Education News

‘Kite Runner’ author speaks about his book being banned in Minnesota school

Banned books on shelves-2
Banned books stored away from students in St. Francis High School.
Courtesy of Education Minnesota-St. Francis.

The American Civil Liberties Group of Minnesota and Education Minnesota filed separate lawsuits Monday against St. Francis Area Schools over a new book ban policy in the district that has expanded the number of books to be removed from its school libraries.

The district has been using the Florida-based website booklooks.org for book screening, rather than librarians or teachers. The ACLU says 46 books have been banned in the school district since the policy was enacted in December.

One of those books is “The Kite Runner,” a 2003 historical novel about a young boy growing up in Kabul, Afghanistan. The author, Khaled Hosseini, spoke to Tom Crann about the ban.

The following transcript has been edited lightly for length and clarity. Click the audio player above to hear the interview.

You novel ‘The Kite Runner’ frequently shows up on lists of books banned by school districts. Why is it targeted?

There has been a gradual and deliberate merging of educational policy and partisan politics. The aim has been to target books that have provided diverse viewpoints, and certainly “The Kite Runner” does that.

Look, over the last 20 years, I have received stacks and stacks of letters from high school students who write to me in their own words about what reading “The Kite Runner” meant to them. I find such an enormous disconnect between the objections raised by the so-called concerned parents and the experience of the students who actually are reading the books.

What do the students tell you?

They tell me the book encouraged them to stand up to bullies, to defy intolerance. They tell me, the book’s de facto tagline “There is a way to be good again” inspired them to volunteer, to look inward, to mend broken ties.

They tell me “The Kite Runner” gave them a more nuanced and more compassionate perspective on Afghanistan and its people. And very often, in fact, almost always, students express at the end of the letter gratitude to the book for these new insights.

So to me, the notion that somehow “The Kite Runner” is harmful to students when their own response, and frankly, the response from their own teachers as well, is so overwhelmingly enthusiastic and positive is, frankly, quite bewildering.

All libraries have to make choices about what’s on their shelves. Shouldn’t school boards have a right to oversight that reflects a consensus among parents? Shouldn’t there be a mechanism for that?

Well, there are mechanisms, but we have to involve not just the parents. We cannot rely on the subjective opinions of parents, and we have to involve the people who are professionally trained: the educators and the librarians.

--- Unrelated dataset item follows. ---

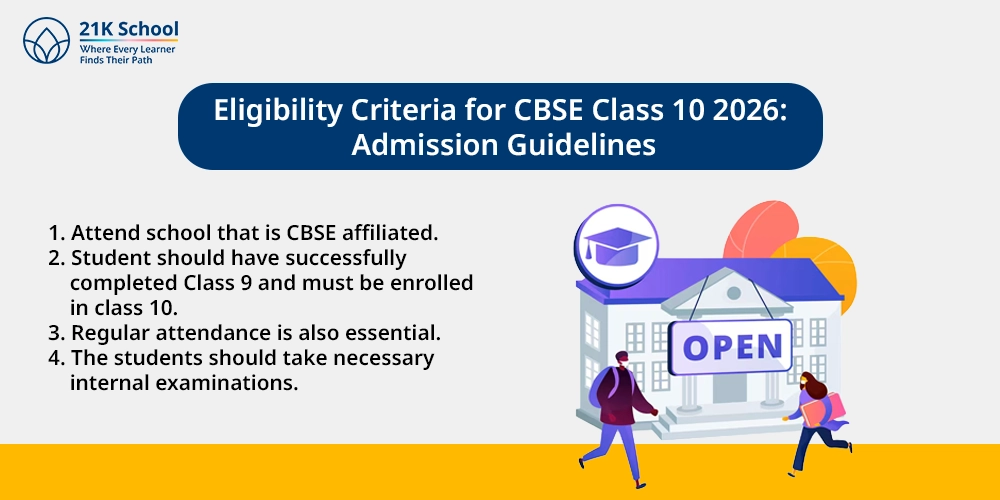 Eligibility Criteria for CBSE Class 10 2026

Look, I’m a parent myself. I’ve raised two children. And I understand the impulse to want to protect your children. There are mechanisms available to opt your children out of lessons that you find personally problematic, but you don’t get to make that decision for my children.

If you were standing in front of a school board meeting in St. Francis, what would you say?

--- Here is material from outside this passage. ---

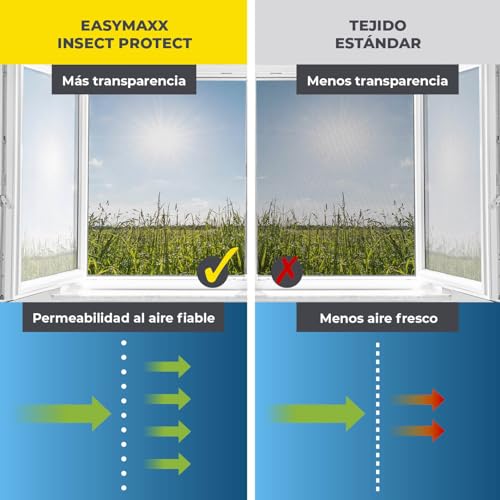 Miniatura 7 de EASYmaxx Mosquitera para ventanas con Magic Click | Cortada a medida para todas las ventanas de hasta 150 x 130 cm | Fácil instalación con 12 imanes - sin taladrar ni atornillar [2 Piezas]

I would say that we live in a democracy, maybe one that we have to fight for more than we used to, but we still live in a democracy and it’s essential in a democracy that students have the freedom to read and learn.

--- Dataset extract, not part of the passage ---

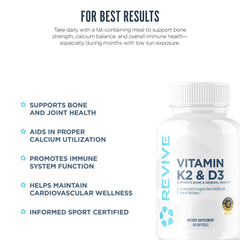 Revive MD dosis diaria ilustrada para una suplementación constante.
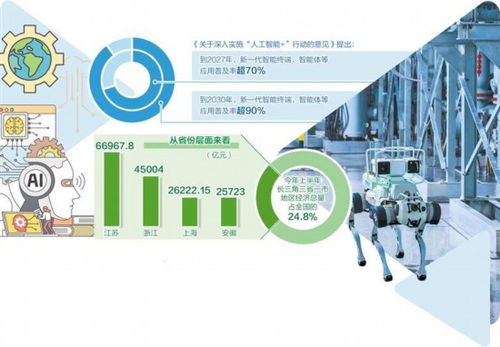 从实验室到市场 人工智能公共数据的关键角色与未来展望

It’s essential that students are exposed to the free flow of ideas, to new and diverse voices that are both inside and outside of their communities, and it’s essential that students are encouraged to think critically about the challenges of sharing this often complicated and confusing world with fellow human beings who may not look or speak or think like they do.

Banning books like “The Kite Runner” doesn’t protect students at all. In fact, I’ve said this before. I think it betrays them. It robs our children and our students of something vital that we owe them as their parents and their instructors, which is the chance to broaden their human community, to foster empathy, to teach them to challenge their own preconceived ideas and to maybe take a step toward becoming a fuller and wiser version of their authentic selves.